I can think of a few ways to accomplish this, but am unsure which is the best from a design point of view, as they each have their flaws. It has led me to think that perhaps there is a different design altogether which can accomplish what I need more elegantly.

Here is some example code illustrating my problem:

class Node
{
protected:

int value;

public:

Node(int v): value(v)
	{ }
void GetValue()
	{ return value; }
virtual void Print()
	{ 
	std::cout << "Value is: " << value << std::endl;
	}
};


class BetterNode: public Node
{
protected:

double another_value;

public:

BetterNode(int v, double v2): Node(v), another_value(v2)
	{ }
void GetBetterValue()
	{ return another_value; }
virtual void Print()
	{
	Node::Print();
	std::cout << "Better Value is: " << another_value << std::endl;
	}
};


class Base
{
protected:

std::vector< Node* > some_nodes;

virtual void MakeNodes()
	{
	for(int i = 0; i < 10; i++)
		some_nodes.push_back( new Node(i) );
	}

public:

Base()
	{
	Initialise();
	}
void PrintNodes()
	{
	for(int i = 0; i < some_nodes.size(); i++)
		{
		std::cout << "Node " << i << ":" << std::endl;
		some_nodes[i]->Print();
		}
	}

int AddValues()
	{
	int temp = 0;
	for(int i = 0; i < some_nodes.size(); i++)
		temp += some_nodes[i]->GetValue();
	return temp;
	}
	

};


class BetterBase
{

virtual void MakeNodes()
	{
	for(int i = 0; i < 10; i++)
		some_nodes.push_back( new BetterNode(i, i/2) );
	}

public:

BetterBase()
	{
	Initialise();
	}

double AddBetterValues()
	{
	double temp = 0;
	for(int i = 0; i < some_nodes.size(); i++)
		temp += some_nodes[i]->GetBetterValue(); // THE PROBLEM LIES HERE.
	return temp;
	}

};


int main(void)
{

Base * b = new Base;
Base * better_b = new BetterBase;

// Output details about Nodes:
b->PrintNodes();
// Virtual function in BetterNode takes over and outputs additional Detail:
better_b->PrintNodes();

// Lets find out what the sum of the node values from b are:
int b_values = b->AddValues();
std::cout << b_values << std::endl;

// We *know* that better_b contains additional information. What is it?
double better_values = better_b->AddBetterValues();
std::cout << better_values << std::endl;
// But ofcourse, this compiles with an error, because AddBetterValues does not exist in Base class..

return 0;
}

So, My derived BetterNode class is naturally going to extend the base Node class, and will need new values and consequently new functions to access them, that are unknown to the base Node class. However, it will share the common base properties.

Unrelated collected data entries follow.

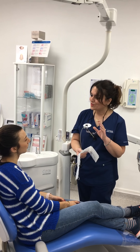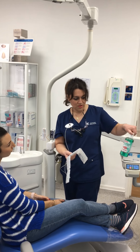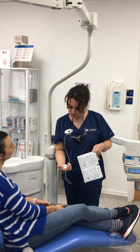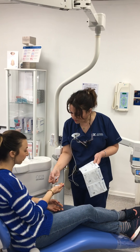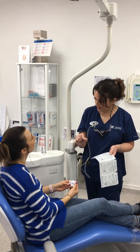Very important that you keep your teeth clean and you use a mouthwash. I would recommend a fluoride mouthwash. And I'm also going to give you some of this — it's Retainer Brite, it's a powder — so you can soak your aligners in there and keep them clean.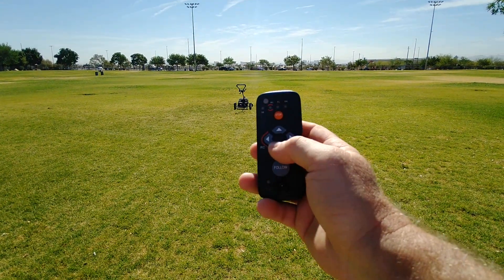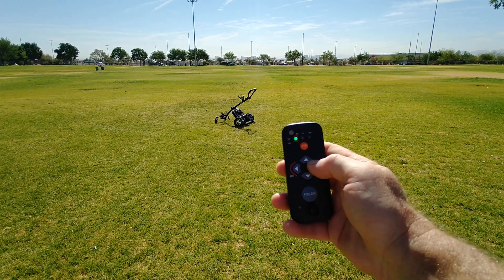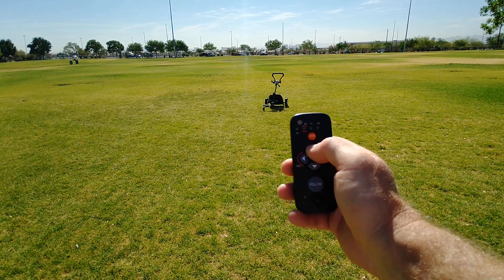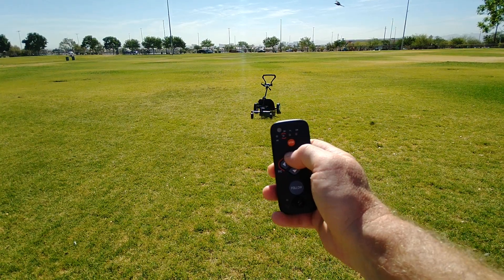I'll go reverse. I'm going to go forward, or I can hold down the button and get it up to top speed at 4 mph.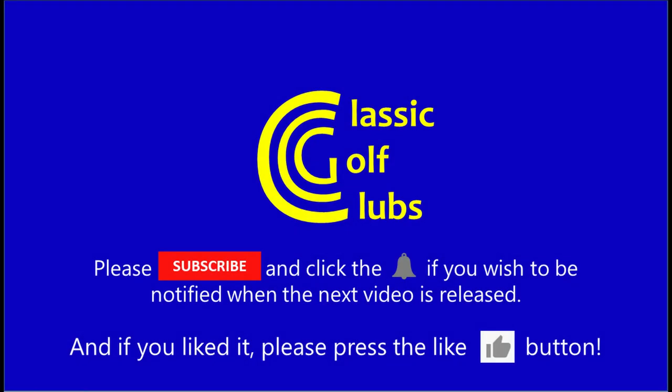Thanks for watching. I hope you enjoyed it and I hope to see you next time. Bye.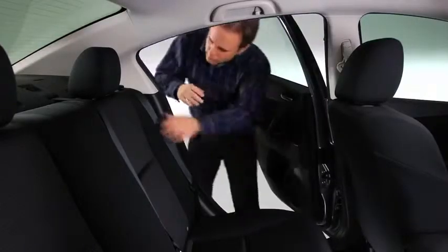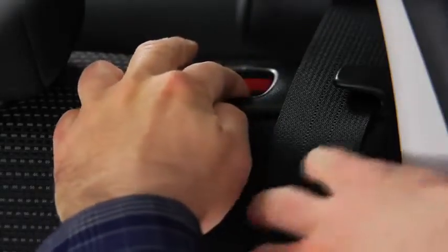To fold the seats, support the seatback with your hand and push the rear seatback knob down.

In addition, the derived BetterBase class wishes to implement these BetterNodes and utilise their additional functionality in performing what it does. It will fill its some_nodes vector with pointers to BetterNodes. It can therefore use all of its parent Base class functions, as the BetterNode is derived from the Node.

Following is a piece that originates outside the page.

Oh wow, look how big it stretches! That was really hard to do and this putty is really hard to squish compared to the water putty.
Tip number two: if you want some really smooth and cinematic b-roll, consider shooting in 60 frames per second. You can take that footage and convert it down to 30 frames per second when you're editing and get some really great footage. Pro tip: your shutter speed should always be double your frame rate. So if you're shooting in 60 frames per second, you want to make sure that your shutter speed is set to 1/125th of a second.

I have tried to illustrate this problem in the above code. I do not need to reimplement my Print function, as classes derived from Node can virtually overload the Print function, which saves me effort. This is good. However, My derived BetterBase class wants to make use of the extended functionality of BetterNode, in this example by implementing AddBetterValues(). It obviously cannot, as the vector some_nodes is pointers to the base Node class, which does not know about this function.

So, How can I pull this off?

I have thought of a few ways, but am unsure which is best:

1. Make the Base class a template class, whereby I select which type of Node the vector some_nodes will hold.
example:

template<class T = Node> Base
{
protected:

vector<T*> some_nodes;

//...other code.
};

class BetterBase: public Base<BetterNode>
{
// now, AddBetterValues would work, as the vector is not of base class Node, but of BetterNode.
}

The problem here is that it allows for mistakes to be made. What if I derive from the Base class like this:

class AnotherBase: public Base<NonNodeClass>

Templating allows me to fill that vector with anything, not just classes derived from Node, which could screw things up. As such, this seems like a sloppy and potentially error-prone workaround.

2. Whenever I add functions to classes derived from Node, I can also prototype/define these functions as virtual in the base Node class. Now, the base class knows about additional functions, and there are no issues,

However, this seems like bad design practise, and people who derive from my classes should not need to go back and add relevant code into my base Node class. In addition, bulking out the base Node class with functions it does not itself need is just stupid.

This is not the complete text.